Well done, professor. You've successfully provided me with a paper that has caused me to think, not bullshit. Other than fiction writing, this has been a very rare occurrence.
So, right, my list. I'm writing it down here so I can't change it. I just have my books selected at this point, and I still need to write the actual paper...
- Alice's Adventures in Wonderland - Charles Dodgson. Alice laughed. "There's no use trying," she said: "one can't believe impossible things." "I daresay you haven't had much practice," said the Queen. "When I was your age, I always did it for half-an-hour a day. Why, sometimes I've believed as many as six impossible things before breakfast."
- Wuthering Heights - Emily Bronte. "My love for Linton is like the foliage in the woods; time will change it, I'm well aware, as winter changes the trees. My love for Heathcliff resembles the eternal rocks beneath--a source of little visible delight, but necessary. Nelly, I am Heathcliff!
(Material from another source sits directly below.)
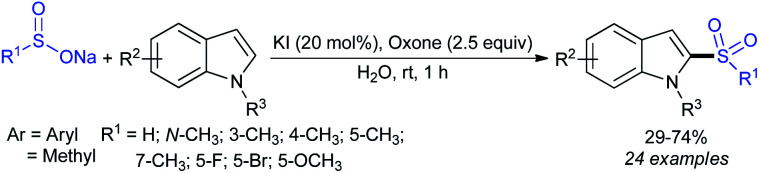 Scheme 182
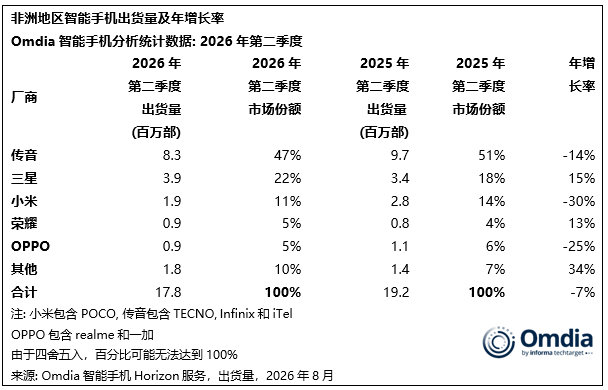 【Omdia：2026 年非洲智能手机市场预计下滑 26%，结束连续三年增长态势】Q2 非洲智能手机市场三年来首次同比下滑，入门机型受价格上涨冲击最明显，传音、小米等出货量下滑，三星、荣耀保持增长。#非洲智能手机市场# ​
He's always, always in my mind--not as a pleasure, any more than I am always a pleasure to myself, but as my own being"
- Plan Bee - Susan Brackney "As I idly watch them fly from flower to flower and from flower to hive, I realize they have managed to slow my previously frenetic pace, to make me more appreciative of the workings of the universe, and to return me, at least a little bit, to simpler times."
- A Short History of Nearly Everything - Bill Bryson. "It is a slightly arresting notion that if you were to pick yourself apart with tweezers, one atom at a time, you would produce a mound of fine atomic dust, none of which had ever been alive but all of which had once been you."